Does Beauveria bassiana really help with plant disease too?

Sometimes. The clearest examples on this page are GHA, which suppressed powdery mildew and showed a salicylic-acid-linked mechanism, and ATCC 74040, which reduced grapevine downy mildew severity while changing defence-gene expression. But that is not a species-wide promise. It is strain-specific, crop-specific, and sometimes local rather than systemic.

Can I use Beauveria bassiana with Trichoderma?

Possibly, and the idea is promising. The Batool maize paper found encouraging synergy between Beauveria bassiana and Trichoderma asperellum, especially around plant defence enzymes. I would read that as a good lead rather than a universal rule for every crop and every formulation.
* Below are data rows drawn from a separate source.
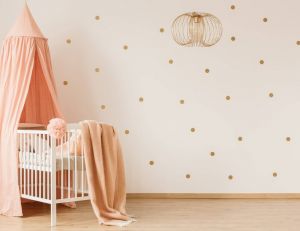Comment décorer une chambre d’enfant avec des objets vintage ? / iStock.com - KatarzynaBialasiewicz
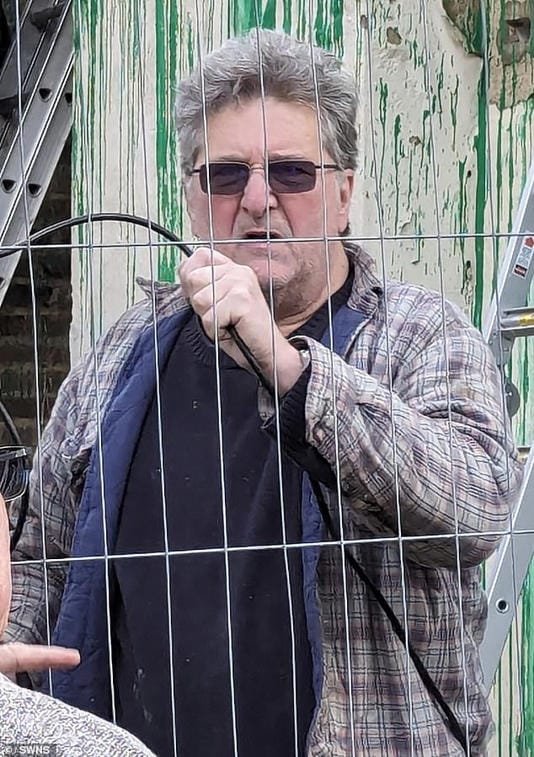 Credevamo fosse un quarantenne con lo sguardo da tenebroso, invece ci ritroviamo il Senatore Cappelli mentre aspetta i risultati della conta dei trigliceridi.

#Banksy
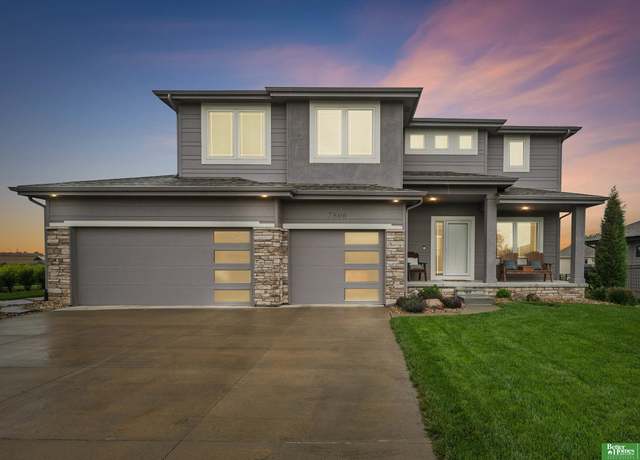 Property at 7806 Von St, Papillion, NE 68046, 5 beds, 3.5 baths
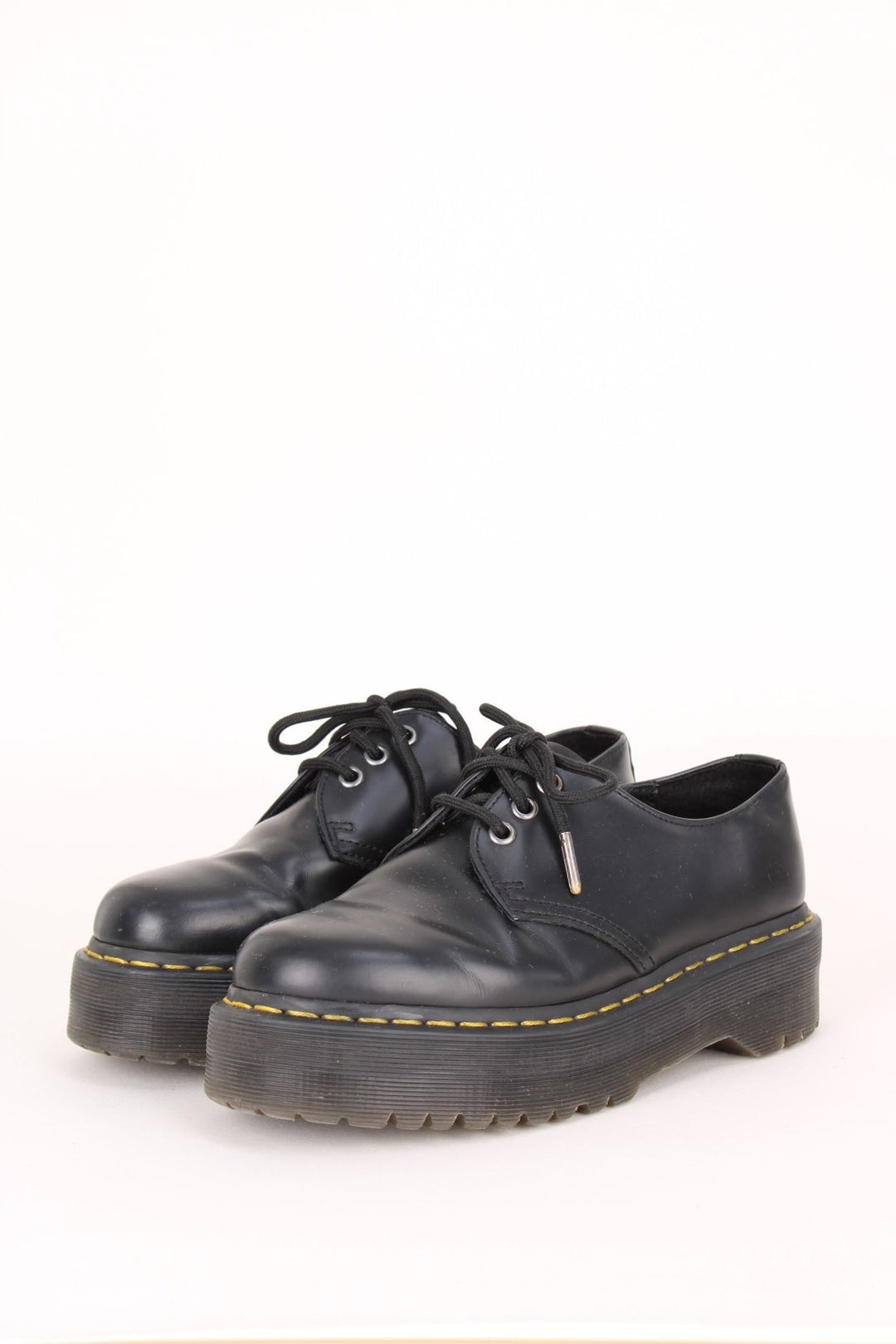 Dr Martens 1461 Boots in a black colourway with a high top sole, and has adjustable laces.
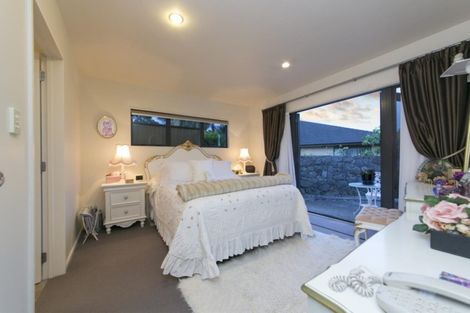 Photo of property in 37 Starlight Cove, Hobsonville, Auckland, 0618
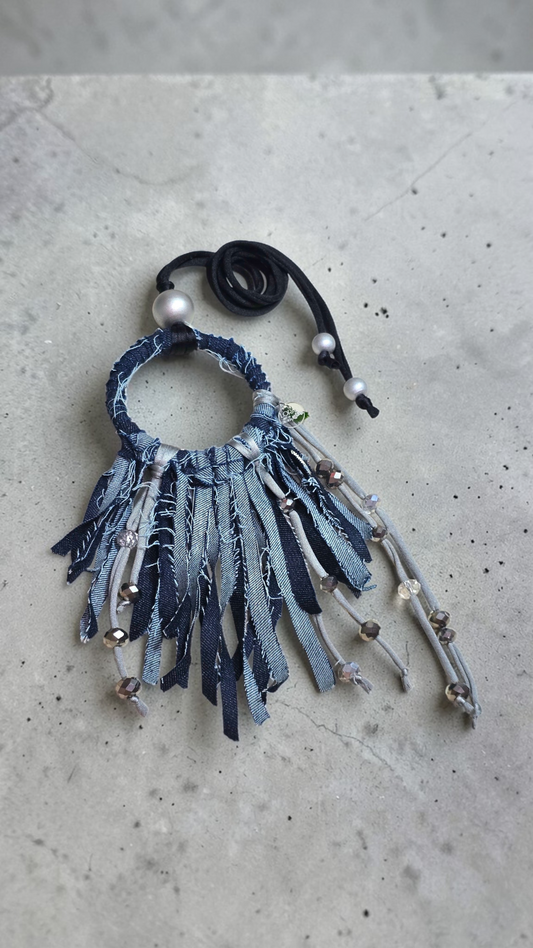 Círculo Eterno Denim Necklace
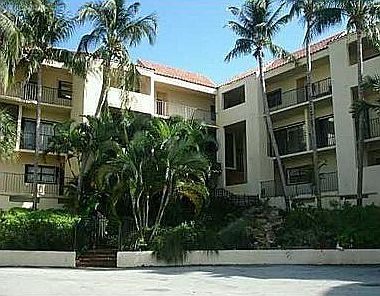 2nd image of 4000 NE 168th St APT 101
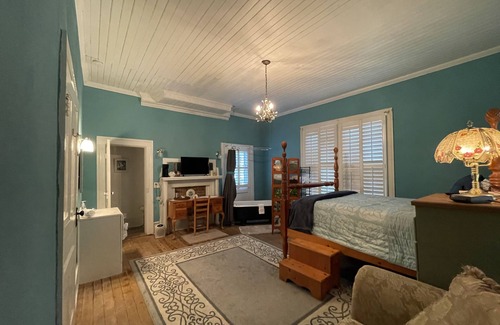 Magnolia Bed & Breakfast | Historic Magnolia Suite 1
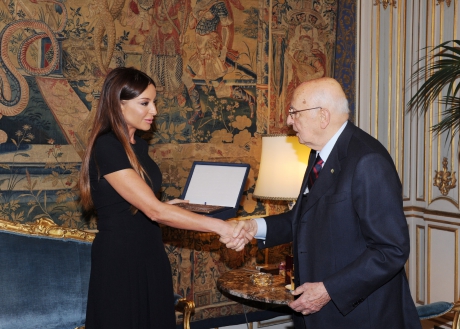 Azerbaijan`s First Lady meets Italian President (PHOTO)
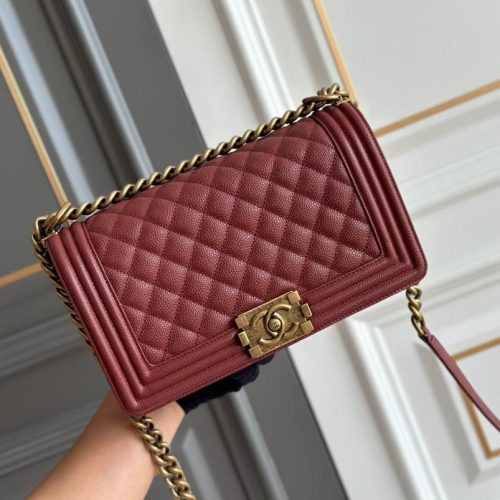 20231023_i1698043539_3479_0_jpg boy medium 25 wine quilted antique ghw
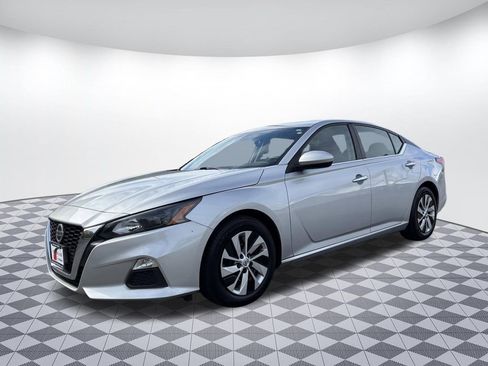 Used 2022 Nissan Altima 2.5 S image 3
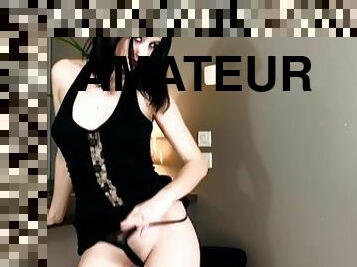 petite brunette se fait enculer et prend le foutre dans sa bouche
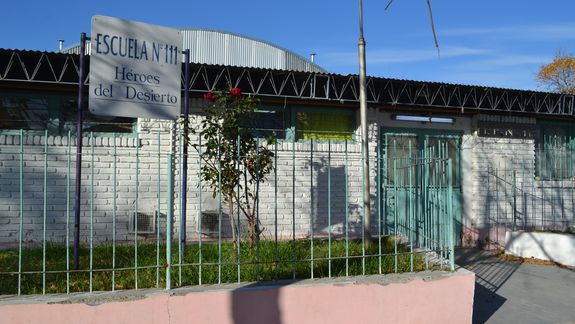 La escuela primaria 111 de Cipolletti tuvo que ser evacuada por pérdida de gas.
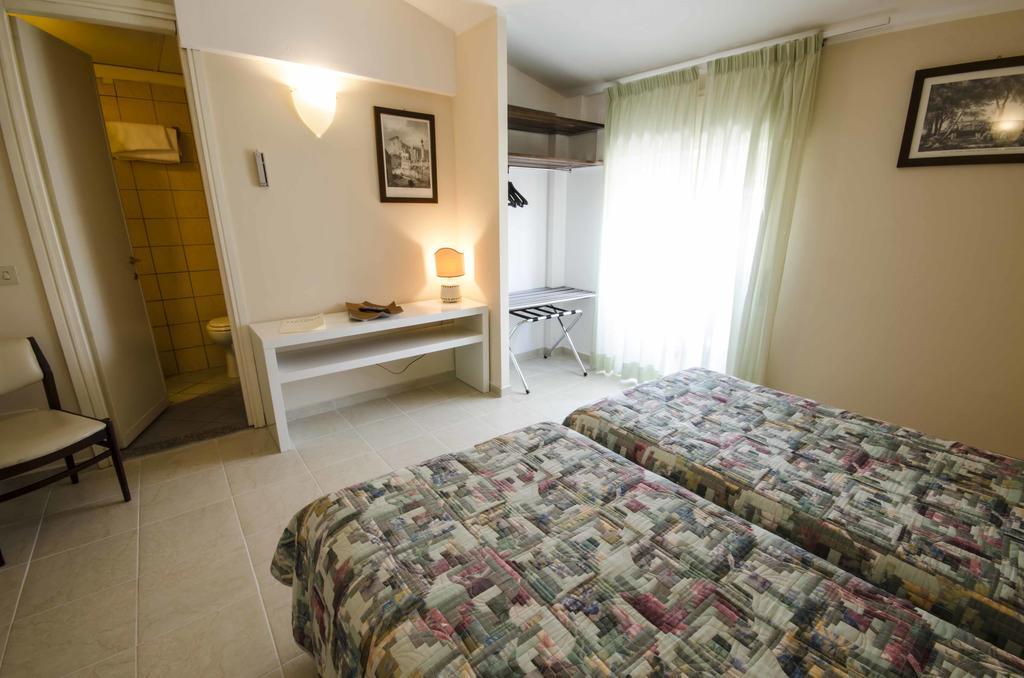 Hotel Tarconte ตาร์กวิเนีย ภายนอก รูปภาพ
Why should I spray Beauveria out of strong sun?

Because ultraviolet light is one of the main things that damages Beauveria conidia. The review literature also notes that oil-based formulations can help protect the spores better than water-based sprays. So lower-UV windows usually give the fungus a better chance to persist and work.

Which strains on this page have the clearest evidence?

GHA is the clearest for powdery mildew work, ATCC 74040 is the clearest for grapevine endophytic and insect work, and PPRI 5339 is promising for field colonisation and plant-performance effects. The rest of the supporting papers on this page are useful, but they often involve wild strains, unspecified isolates, or model systems like Arabidopsis.